● Activity
Would you output all the entries below without altering a word?

● The data
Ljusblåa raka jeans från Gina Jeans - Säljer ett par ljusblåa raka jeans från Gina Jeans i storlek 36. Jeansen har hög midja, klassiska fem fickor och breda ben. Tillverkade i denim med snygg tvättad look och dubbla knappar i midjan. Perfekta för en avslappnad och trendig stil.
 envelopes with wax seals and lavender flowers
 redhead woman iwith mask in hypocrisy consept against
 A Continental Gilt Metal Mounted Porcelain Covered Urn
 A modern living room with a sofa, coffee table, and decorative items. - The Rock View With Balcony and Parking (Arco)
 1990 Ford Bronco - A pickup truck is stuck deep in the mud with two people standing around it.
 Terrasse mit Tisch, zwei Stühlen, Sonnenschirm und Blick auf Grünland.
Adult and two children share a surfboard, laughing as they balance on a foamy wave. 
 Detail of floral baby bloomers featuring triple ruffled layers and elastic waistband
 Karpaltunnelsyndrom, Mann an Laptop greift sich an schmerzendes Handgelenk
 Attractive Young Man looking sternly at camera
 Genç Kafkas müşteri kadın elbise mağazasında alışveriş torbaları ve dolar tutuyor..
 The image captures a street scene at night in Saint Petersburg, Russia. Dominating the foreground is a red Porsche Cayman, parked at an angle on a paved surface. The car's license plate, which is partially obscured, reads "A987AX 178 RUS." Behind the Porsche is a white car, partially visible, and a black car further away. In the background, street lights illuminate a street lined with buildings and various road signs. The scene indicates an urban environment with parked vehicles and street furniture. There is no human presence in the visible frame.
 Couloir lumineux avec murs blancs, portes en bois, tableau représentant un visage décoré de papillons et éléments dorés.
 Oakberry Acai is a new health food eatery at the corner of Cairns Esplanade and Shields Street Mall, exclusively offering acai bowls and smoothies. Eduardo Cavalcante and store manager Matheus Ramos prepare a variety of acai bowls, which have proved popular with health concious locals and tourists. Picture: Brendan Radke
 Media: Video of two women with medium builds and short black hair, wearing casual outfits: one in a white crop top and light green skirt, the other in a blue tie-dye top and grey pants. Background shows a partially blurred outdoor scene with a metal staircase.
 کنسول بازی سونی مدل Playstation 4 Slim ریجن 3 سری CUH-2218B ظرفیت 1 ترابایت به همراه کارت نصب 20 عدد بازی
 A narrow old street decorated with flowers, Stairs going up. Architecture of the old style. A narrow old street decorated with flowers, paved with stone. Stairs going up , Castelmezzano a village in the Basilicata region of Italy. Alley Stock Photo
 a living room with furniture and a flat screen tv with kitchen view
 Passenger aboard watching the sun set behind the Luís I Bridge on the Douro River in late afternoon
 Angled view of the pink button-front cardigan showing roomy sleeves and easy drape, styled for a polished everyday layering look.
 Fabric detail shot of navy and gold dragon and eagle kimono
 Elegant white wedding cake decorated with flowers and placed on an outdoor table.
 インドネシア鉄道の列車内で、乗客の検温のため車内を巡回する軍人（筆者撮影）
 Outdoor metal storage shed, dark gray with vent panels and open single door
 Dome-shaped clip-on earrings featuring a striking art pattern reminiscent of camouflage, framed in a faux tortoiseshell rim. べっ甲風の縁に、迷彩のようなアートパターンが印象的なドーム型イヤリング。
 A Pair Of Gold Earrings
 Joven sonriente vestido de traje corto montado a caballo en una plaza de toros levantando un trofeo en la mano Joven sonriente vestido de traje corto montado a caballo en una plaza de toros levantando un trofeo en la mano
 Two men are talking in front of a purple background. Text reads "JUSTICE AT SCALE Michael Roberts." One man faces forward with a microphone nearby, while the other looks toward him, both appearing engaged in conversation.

● Your solution
Ljusblåa raka jeans från Gina Jeans - Säljer ett par ljusblåa raka jeans från Gina Jeans i storlek 36. Jeansen har hög midja, klassiska fem fickor och breda ben. Tillverkade i denim med snygg tvättad look och dubbla knappar i midjan. Perfekta för en avslappnad och trendig stil.
 envelopes with wax seals and lavender flowers
 redhead woman iwith mask in hypocrisy consept against
 A Continental Gilt Metal Mounted Porcelain Covered Urn
 A modern living room with a sofa, coffee table, and decorative items. - The Rock View With Balcony and Parking (Arco)
 1990 Ford Bronco - A pickup truck is stuck deep in the mud with two people standing around it.
 Terrasse mit Tisch, zwei Stühlen, Sonnenschirm und Blick auf Grünland.
Adult and two children share a surfboard, laughing as they balance on a foamy wave. 
 Detail of floral baby bloomers featuring triple ruffled layers and elastic waistband
 Karpaltunnelsyndrom, Mann an Laptop greift sich an schmerzendes Handgelenk
 Attractive Young Man looking sternly at camera
 Genç Kafkas müşteri kadın elbise mağazasında alışveriş torbaları ve dolar tutuyor..
 The image captures a street scene at night in Saint Petersburg, Russia. Dominating the foreground is a red Porsche Cayman, parked at an angle on a paved surface. The car's license plate, which is partially obscured, reads "A987AX 178 RUS." Behind the Porsche is a white car, partially visible, and a black car further away. In the background, street lights illuminate a street lined with buildings and various road signs. The scene indicates an urban environment with parked vehicles and street furniture. There is no human presence in the visible frame.
 Couloir lumineux avec murs blancs, portes en bois, tableau représentant un visage décoré de papillons et éléments dorés.
 Oakberry Acai is a new health food eatery at the corner of Cairns Esplanade and Shields Street Mall, exclusively offering acai bowls and smoothies. Eduardo Cavalcante and store manager Matheus Ramos prepare a variety of acai bowls, which have proved popular with health concious locals and tourists. Picture: Brendan Radke
 Media: Video of two women with medium builds and short black hair, wearing casual outfits: one in a white crop top and light green skirt, the other in a blue tie-dye top and grey pants. Background shows a partially blurred outdoor scene with a metal staircase.
 کنسول بازی سونی مدل Playstation 4 Slim ریجن 3 سری CUH-2218B ظرفیت 1 ترابایت به همراه کارت نصب 20 عدد بازی
 A narrow old street decorated with flowers, Stairs going up. Architecture of the old style. A narrow old street decorated with flowers, paved with stone. Stairs going up , Castelmezzano a village in the Basilicata region of Italy. Alley Stock Photo
 a living room with furniture and a flat screen tv with kitchen view
 Passenger aboard watching the sun set behind the Luís I Bridge on the Douro River in late afternoon
 Angled view of the pink button-front cardigan showing roomy sleeves and easy drape, styled for a polished everyday layering look.
 Fabric detail shot of navy and gold dragon and eagle kimono
 Elegant white wedding cake decorated with flowers and placed on an outdoor table.
 インドネシア鉄道の列車内で、乗客の検温のため車内を巡回する軍人（筆者撮影）
 Outdoor metal storage shed, dark gray with vent panels and open single door
 Dome-shaped clip-on earrings featuring a striking art pattern reminiscent of camouflage, framed in a faux tortoiseshell rim. べっ甲風の縁に、迷彩のようなアートパターンが印象的なドーム型イヤリング。
 A Pair Of Gold Earrings
 Joven sonriente vestido de traje corto montado a caballo en una plaza de toros levantando un trofeo en la mano Joven sonriente vestido de traje corto montado a caballo en una plaza de toros levantando un trofeo en la mano
 Two men are talking in front of a purple background. Text reads "JUSTICE AT SCALE Michael Roberts." One man faces forward with a microphone nearby, while the other looks toward him, both appearing engaged in conversation.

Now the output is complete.